The team that was able to take the biggest advantage of that was one of the more unlikely combinations of the meet: Kristian Ipsen and Troy Dumais. The two have become one of the most dominant tandems in the country, and with a score of 1296.21, kept alive a run of dominating major championships. The pair have now won every major US Championship in this event since the beginning of 2011 (including two Winter Nationals, a summer Nationals, a World Championship trials, and now an Olympic Trials).
The pair stumbled a bit on their 5th (of 6) dives in the final round, where Christopher Colwill and Drew Livingston pulled within 25 points, but with the veteran experience of Dumais in their back pocket, the champions put up an 87.72 in the last round to ensure that their opponents would get no closer. Livingston and Colwill finished 2nd in 1263.51, 33 points behind.
Ipsen and Dumais are perhaps unlikely because of the fast difference in age and experience. For the 32-year old Dumais, one of the elder-statesmen in the US National program, this will be a 4th Olympic berth – making him the only American man besides Greg Louganis to do so. For Ipsen, who will begin his sophomore season at Stanford this fall, it will be a first. But even for Dumais, this is an event that has not been his best throughout his career.

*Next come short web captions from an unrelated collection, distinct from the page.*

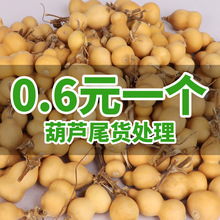 批发处理小葫芦形态各异葫芦尾货处理有瑕疵小葫芦手捻素葫芦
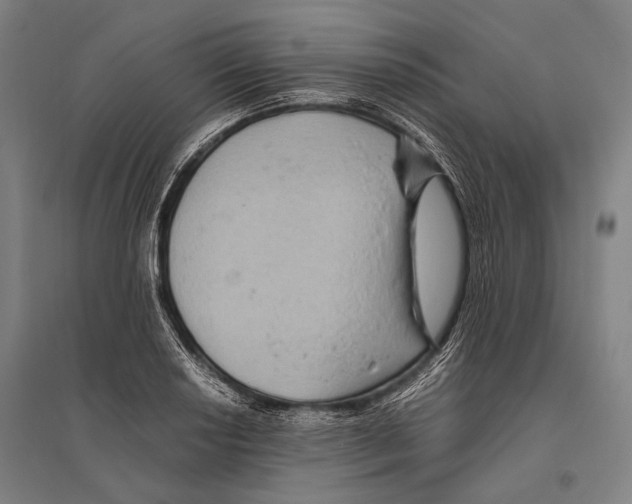 X0000096641034200803041122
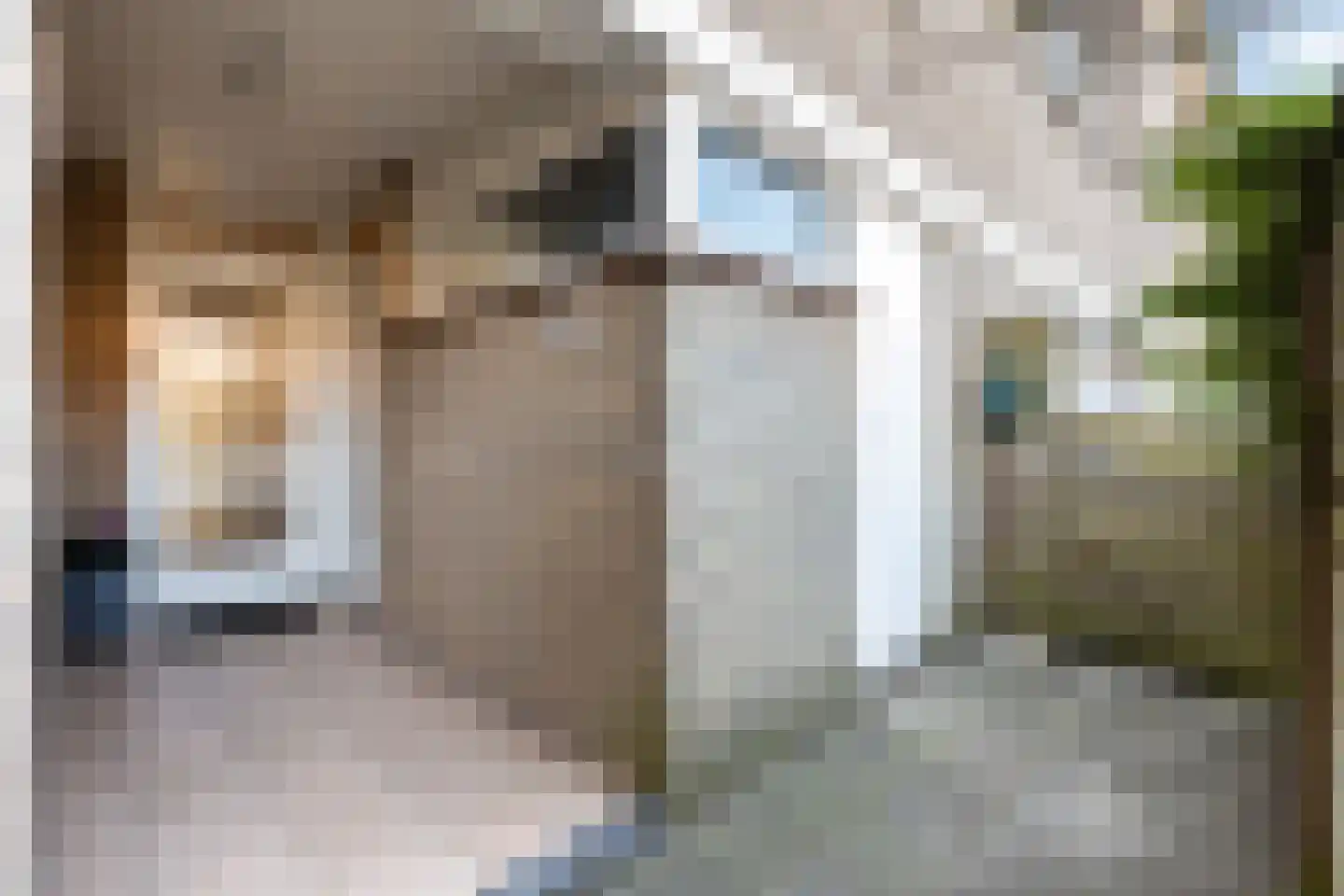 Anna van Hensbeeksingel 256 Gouda thumbnail 4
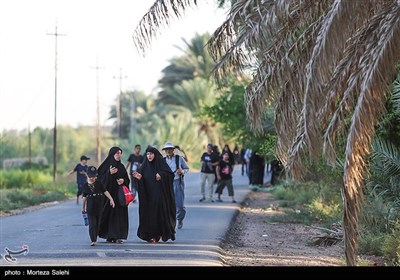 پیاده روی اربعین حسینی - طریق العلماء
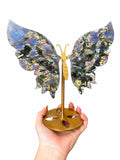 High Flash Labradorite Butterfly Wings on Stand #2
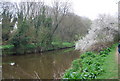 River Medway west of Maidstone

He didn’t even attempt qualification at the 2008 Olympic Trials in the synchro, despite being the individual champion in that event. He then hooked on with platform specialist Boudia for a brief time in 2009, with mixed results. But since he and Ipsen have paired up, they’ve been nearly unstoppable. Their final-round score of 420.21 would be competitive for a medal in London, though not nearly enough to challenge the dominant Chinese.
In this 3-meter synchro event, the name-of-the-game is consistency. Teams that hope to medal can recover from one mistake in finals in London, but only if they have 5 other big dives in their bag. The “big dives” is what cost the Americans, by just 5 points, in Beijing, and it’s what could cost this duo four years later.
The two scored their highest Degree of Difficulty was 3.5 (which is significant as it’s used as a point multiplier to decide a team’s final score). They have been toying with a front 2 ½ with 3 twists to install before London; though it offers a huge increase in difficulty (3.9), it would be risky to go to such a dive for the first time in major competition at the Olympic Games.
Also on this night, the women’s 10-meter platform was won by Ashley Buchter and Natalie Kalibat, both teenagers. However, the United States didn’t meet the Olympic qualifying standards in the event (countries earn spots in diving, not individual divers), so there were only two teams competing. The final was still exciting, with Buchter and Kalibat besting Allie Alter and Andrea Acquista from the Ohio State diving program by a mere 2.5 points.
On Saturday, two spots will be handed out in both the men’s 3-meter springboard final and the women’s 10-meter platform. Through the semi’s, Ipsen holds a sizable 40-point lead over his partner Dumais, but Colwill is nipping hot at their heels for a top-two spot and a return bid to the Olympics.
In the women’s 3-meter, former Miami Hurricane Brittany Viola holds the lead through the semi’s, with former Ohio State Buckeye Katherine Bell just 30 points back.